Thursday, March 07, 2013

 

West Should Intervene in Syria

The Economist recently offered a gloomy assessment of the Syrian Civil War.  "Syria looks increasingly likely to fall prey to feuding warlords, Islamists and gangs—a new Somalia rotting in the heart of the Levant."
 It goes on to comment:

 "If that happens, millions of lives will be ruined. A fragmented Syria would also feed global jihad and stoke the Middle East’s violent rivalries. Mr Assad’s chemical weapons, still secure for now, would always be at risk of falling into dangerous hands. This catastrophe would make itself felt across the Middle East and beyond. And yet the outside world, including America, is doing almost nothing to help."
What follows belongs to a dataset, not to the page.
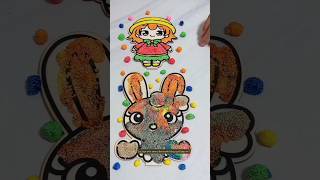 Công Chúa Và Thỏ Tranh Bông Tuyết Ai Làm Đẹp Nhỉ?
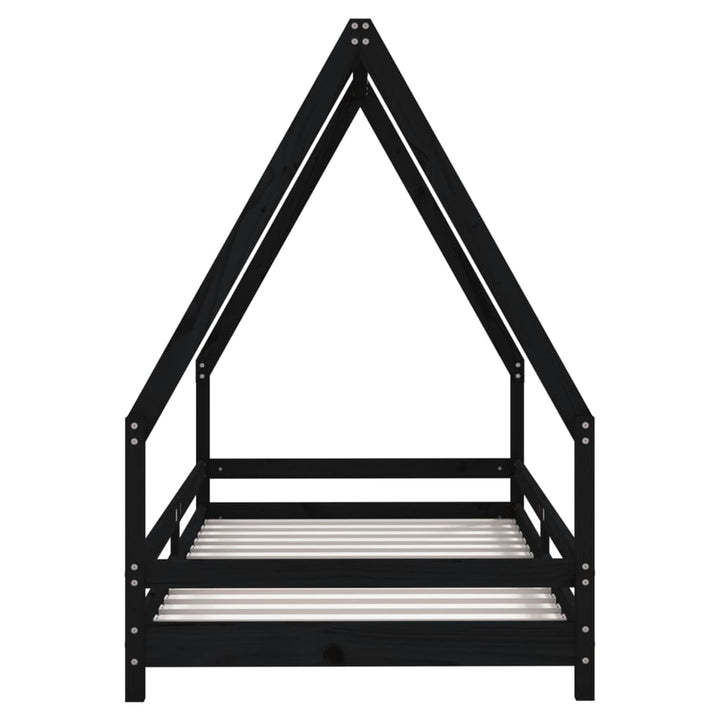 Kids Solid Wood Pine Bed Frame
With 75000 already killed and Assad still much more powerful than the rebels, something just has to be done by the west. Some of my students this week sadly shook their heads when I asked them if the west should intervene. They cited the cases of such intervention going wrong: Vietnam, of course, Afghanistan and the awful case of Iraq.But what about the times when intervention has worked? The Safe Haven in the 1990s Iraq situation to curb Saddam, Sierra Leone in 1998 and Kosovo around the same time, not to mention he more recent case of Libya. Not all those interventions solved the problems of the nations involved but they did stop the worst of the killings and one feels, this is now what the benighted Syrians are facing.

In his Chicago Speech in 1998, Blair laid down five conditions for humanitarian intervention:
Are we sure of our case? Answer yes, Assad has proved he is capable of anything to save his miserable life and position.

i) Have we exhausted diplomatic options? Yes, clearly, Assad refuses to sit down with the rebels.
ii) Have we the power to help? Sure, we can let them have the arms which will match Assad's forces.
iii) Are we prepared for the long term? After the debacle of Iraq I'm sure Syria would be handled very differently and, like libya, the Syrians would be doing the fighting.
iv) Finally, do we have any national interests involved? Well, tricky one, cos we don't. But we all have an indivisible interest in preventing dictators from slaughtering innocent people,  
I would hate to think Dictators in the present time and in the future could go to bed secure in the knowledge western powers had given up any moral responsibility for preventing evil to be committed by evil people. Obama should sod Russia and China and supply arms to the rebels, so should Hague- he really wants to anyway- and so should other EU countries.